On Tue, 17 Feb 2004, Odd Skancke wrote:

> On Tue, 17 Feb 2004, Standa Opichal wrote:
>
> > Hi!
> >
> > On Tue, 17 Feb 2004, Odd Skancke wrote:
> >
> > > > those colors may legally be used by the bitmap IMHO. The way it is used in
> > > > XaAES it doesn't harm in any way so why to ban it?
> > >
> > >  Yes, exactly. The palette is used when transforming the CICON bitmap in
> > > TC/HC modes. If the CICON is to be a "standard" CICON, it will contain
> > > pens 0 - 16, and as such the 'systems' colors should be used here. If you
> > > set own colors for all CICONS using pens 0 - 16, there is no way a user
> > > can change the colors of "standard" icons. This is wrong. If this
> > > continues, we'll end up with a situation where GEM's look is totally
> > > unconfigurable, and looks is left to individual applicaions. Not good. A
> > > good designer always uses pens above the first 16 to create a image or
> > > special icons that is application-specific.
> >
> > I didn't know that the CICON bitmaps are to be affected by a "desktop"
> > palette. Is this something e.g. Atari Compendium says somewhere? Or where
> > the "standard" came from?
>
>  Ok, this "standard" come from Atari themselves. I know I have read this
> in the original Atari developer documentation, but I dont have that handy
> right now. However, read what the Atari Compendium says under the "Using
> Color" heading in section 7.8. (at least thats where I find it in my book)
> If you have the .HYP file, look at "Using Color" in the VDI section.

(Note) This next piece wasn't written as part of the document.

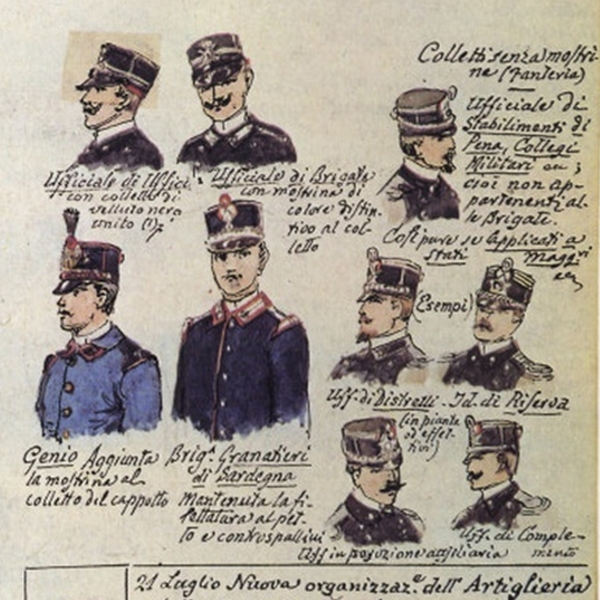 Uniformi militari - Il Codice Cenni: Tavola 30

Hehe.. I'm one of the authors of the .HYP ;) so... looking into the .stg
here:

=== Cut ===
The first 16 VDI color registers are used by the operating system and
should be avoided. If your application must change them, they should be
restored when no longer needed.
=== End ===

We are speaking about the OS, right?

> > Hmm, so can we disable the CLUT modes until the nearest color computation
> > is implemented and turn off the palette "constistency" check (the 0,0,0
> > RGB check for the color 16 and above)?
>
>  We can disable it until we have color calcs for CLUT modes.

Good.

> The system pens (first 16) is never to be changed.

Still not convinced ;)

> The palette "consistency" check should never go away.

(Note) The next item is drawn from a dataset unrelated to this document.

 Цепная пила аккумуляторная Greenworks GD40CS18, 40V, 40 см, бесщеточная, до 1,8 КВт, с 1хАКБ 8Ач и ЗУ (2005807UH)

I see this as not necessary and failing when it is intentional for some
strange reason :)
It falls to just more code in the AES implementation that is not really
needed and not really easy to read and understand already.

> If a resource file has no palette, current system palette should be used
> in any case, no matter if we're doing color calcs or not. An empty
> palette could be thought of as "use default colors" for pens above 16.
> This is not documented anywhere, but since we are about to implement
> something new, we need to think things through. And thats my "suggestion".

OK, something new.

We are defining the OS behaviour, right? So why not to allow to change the
lower 16 colors in the theme RSC (which would the XaAES adopt as system
colors) and then also allow to use these pens among applications in their
private RSCs so that they would not affect the system look (by computing
the color distance for CLUTs) in any way. See more below...

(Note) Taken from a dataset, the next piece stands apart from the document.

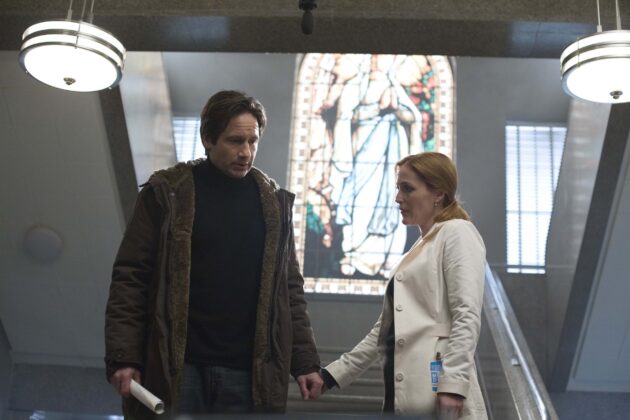 Photo Gillian Anderson, David Duchovny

> > The theme may be done exactly by using a different RSC palette inside a
> > theme RSC file. This way the AES may adopt the palette there as system one
> > (set it to the HW registers) and my code would work as expected not caring
> > about the first 16 pens. What is wrong with that?
>
>  How themes are implemented is beside the point.

No it is not.

> The point is that we do not change things that belong to the system, which
> your code does on an application basis,

Correct!

> unless the user wants to. Like using themes to change system look.

Exactly.

> Your code would most likely be perfect in a "aes_settheme()" call or something.

No. aes_settheme() would set the theme RSC palette to the system vwk as
system colors IMO.

Once more:

Theme RSC (OS feature):
  Set the system palette and use the RSC as widgets (e.g.)
App RSC (using OS):
  Compute CLUT transformation (or use the palette directly for CICONs in
  non-CLUTs) and keep the display using the system palette unchanged.

> > IMHO the 16 pen rule makes more trouble than theme RSC palette taken as
> > system one.
>
>  Why? Please explain.

Because once we make the OS rules more easy to adopt by the application
writers they would have hand free and may use any pen in the CICON bitmap.
I can't just imagine how it is complicated to say "do not use the lower 16
colors for this picture" to some of the bitmap processing application just
to be able to use it for some silly AES which is a part of some silly OS.
Do you get it?

16 pen rule does the thing complicated and without this it is easier to do
everything. The OS would handle the 16 pen protection on its own not
providing the possibility to change that by user application.